Application in Gephi and Tableau
By combining Gephi and Tableau I created a dashboard, where it is possible to see different ways of visualizing the same data source. Please click the image to enlarge it and see descriptions for the single sheets on the dashboard. As my first attempt, this dashboard shall illustrate how conclusions could be drawn from one single glance.
For example, the network analysis with Gephi detects the network structure and reveals node 3 as a central key actor when it comes to the measure of degree (top right). 9, 10 and 11 follow with some distance. The same pattern can be detected in the top left visualization, where size represents degree as well, but the color reveals betweenness.

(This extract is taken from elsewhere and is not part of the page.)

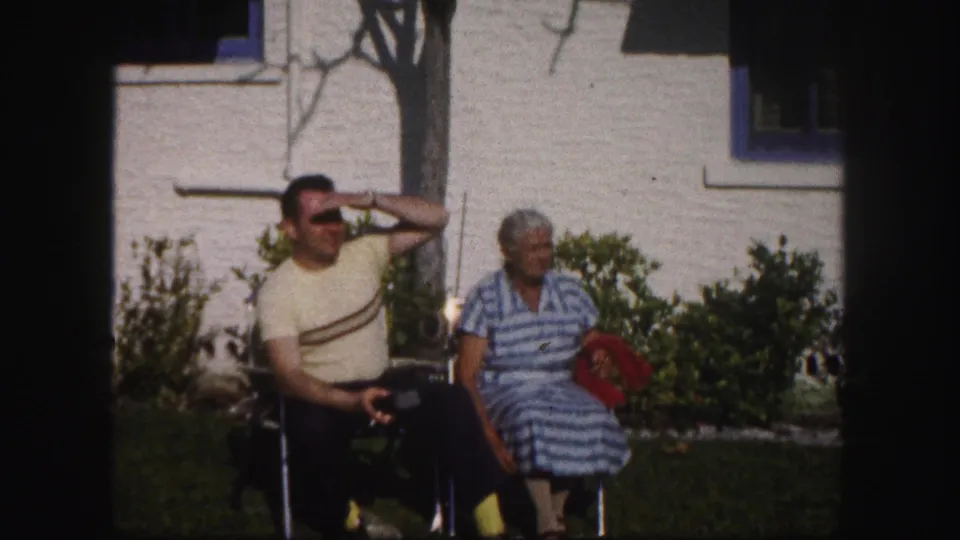 In 1960 Tampa home-movie footage, a man shields his eyes while seated beside a woman in a striped dress on a sunny lawn.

We can conclude, that degree and betweenness are correlated, as a decreasing quantity of connected nodes goes hand in hand with a decreasing betweenness (not surprisingly, but due to the image more visual). The Degree sheet down left specifies in- and out-degree values – again we see the network key players 3, 9, 10, 11 but here we can specify their communication patterns. Whereas 3 has the highest out-degree but the smallest in-degree, it’s actor 11 that has the highest in-degree and the smallest out-degree. Dependent on the underlying question, we could draw better conclusions at a glance from this data.